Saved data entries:
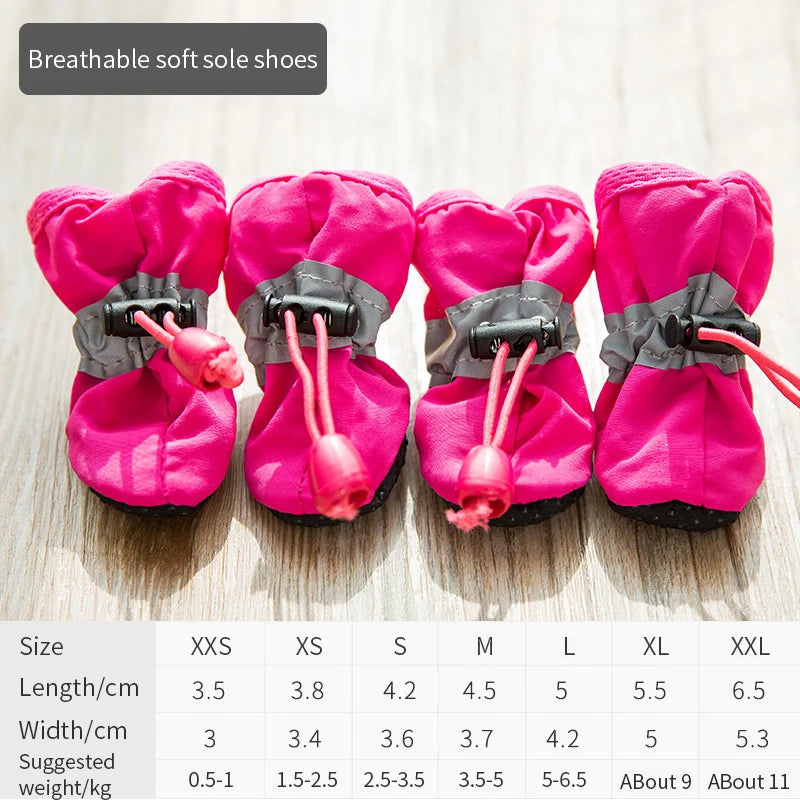 Guide des tailles bottes chien – mesure patte XXS à XXL pour petits chiens et chiots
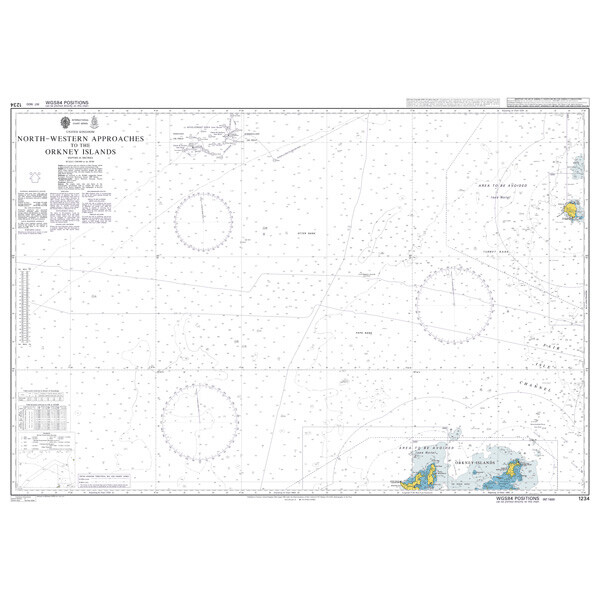 North - Western Approaches to the Orkney Islands. UKHO1234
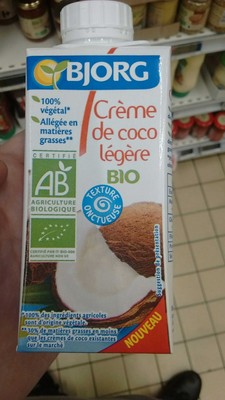 Crème de coco légère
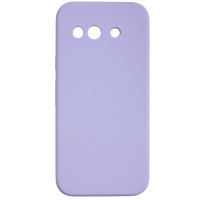 Накладка (з мікрофіброю) Silicone Cover Lakshmi Full Camera для Google Pixel 9a- бузковий
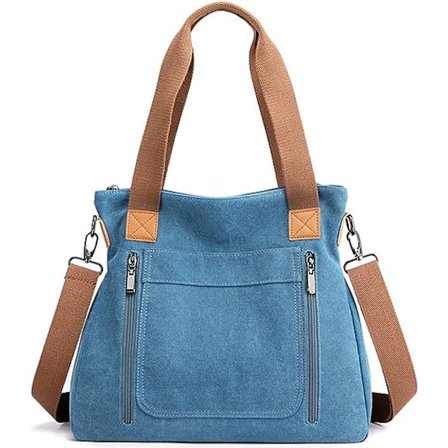 Kvinnors Canvas Tote Portmonnä Work Shoulder Crossbody Bag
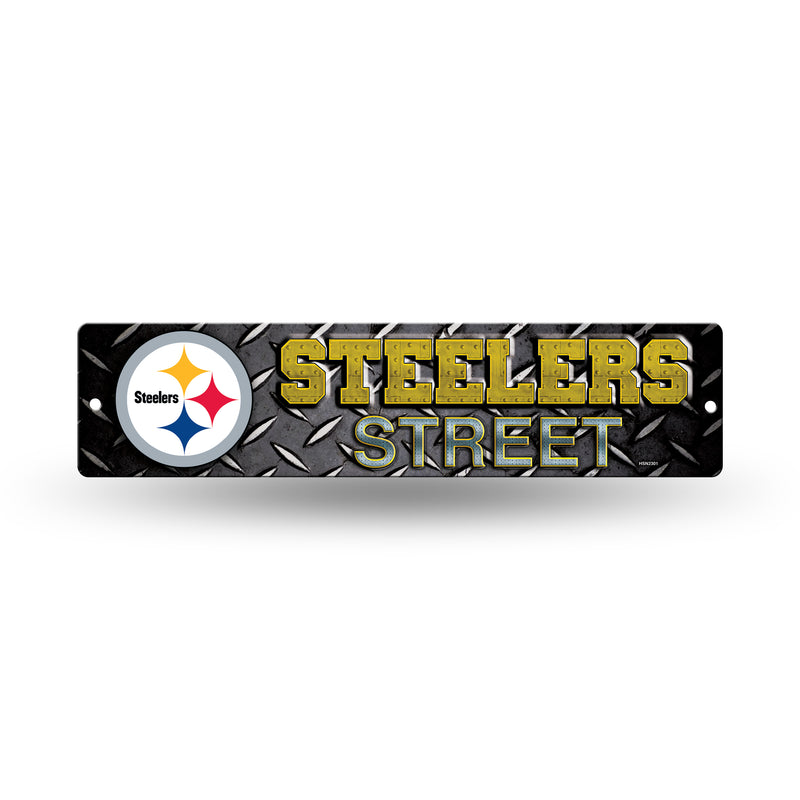 NFL Pittsburgh Steelers Plastic 4" x 16" Street Sign By Rico Industries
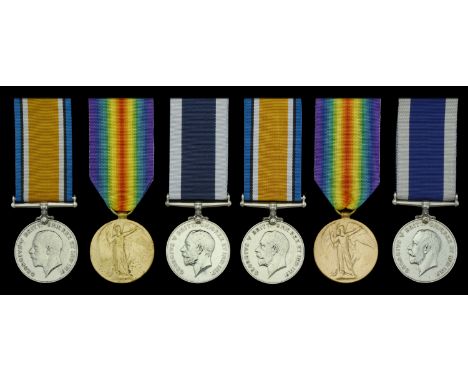 Three: Chief Petty Officer Writer R. G. Cole, Royal Navy British War and Victory Medals (M. 35007 R. G. Cole. 3 Wr. R.N.); Ro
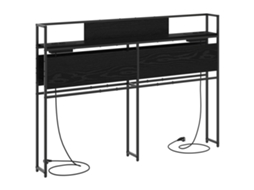 Conjunto 1 Cabeceira De Armazenamento Vidaxl Preto Derivados De Madeira (98 Cm)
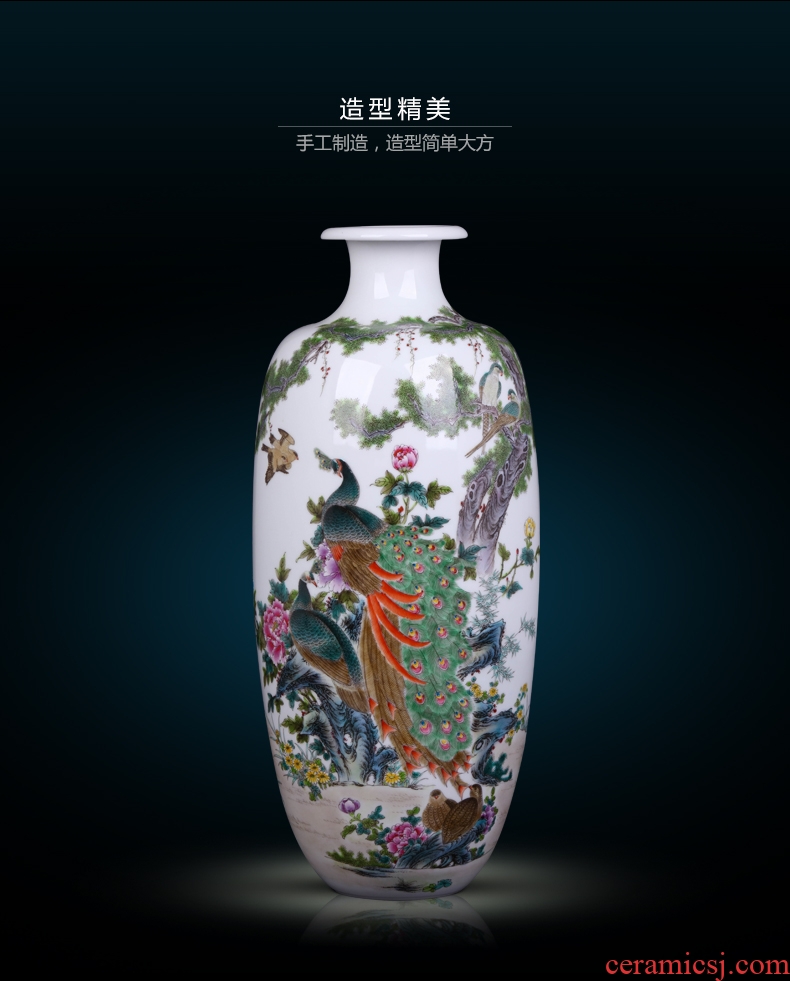 Jingdezhen ceramic modern new Chinese style porch hand - made vases furnishing articles home sitting room TV cabinet decorative porcelain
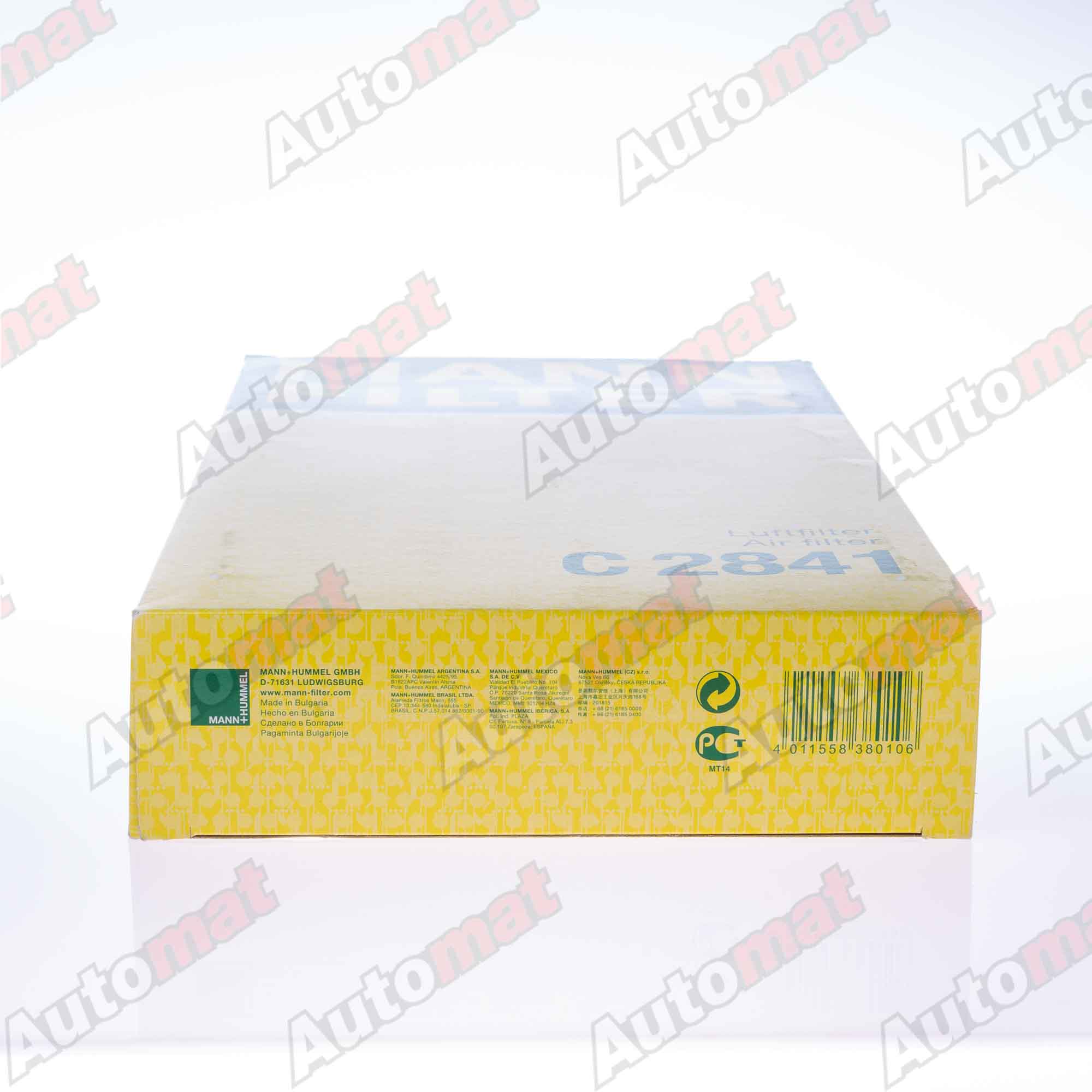 Фильтр воздушный MANN-FILTER C 2841 / A-475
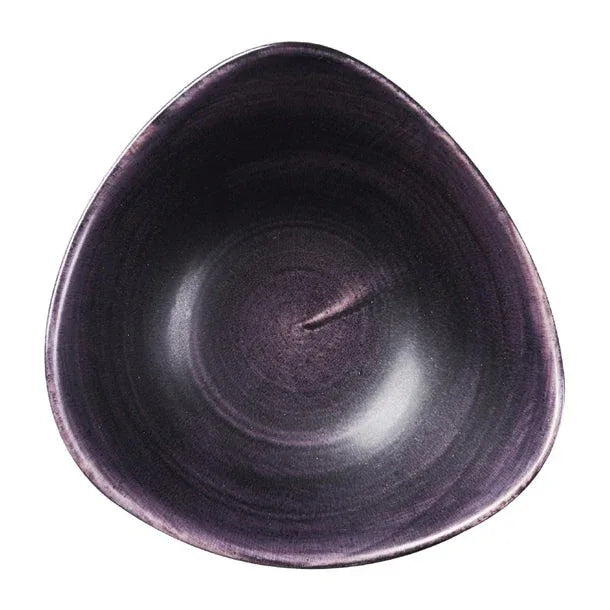 DX066 Churchill Stonecast Patina Deep Purple Triangle Bowls (Pack of 12) - JD Catering Equipment Solutions Ltd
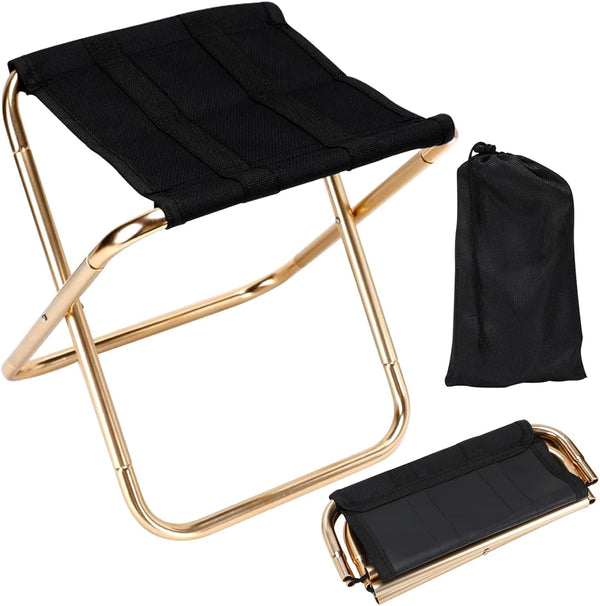 Junwapy Mini Camp Stool Lightweight Folding Camping Stool Portable Outdoor Chair Foot Rest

WORK TO BE COMPLETED: Your answer must be the lines from the one containing "Фильтр воздушный MANN-FILTER C 2841 / A-475" through the last line of the records, both included, written out exactly and without pictures.

RESPONSE BELOW:
 Фильтр воздушный MANN-FILTER C 2841 / A-475
 DX066 Churchill Stonecast Patina Deep Purple Triangle Bowls (Pack of 12) - JD Catering Equipment Solutions Ltd
 Junwapy Mini Camp Stool Lightweight Folding Camping Stool Portable Outdoor Chair Foot Rest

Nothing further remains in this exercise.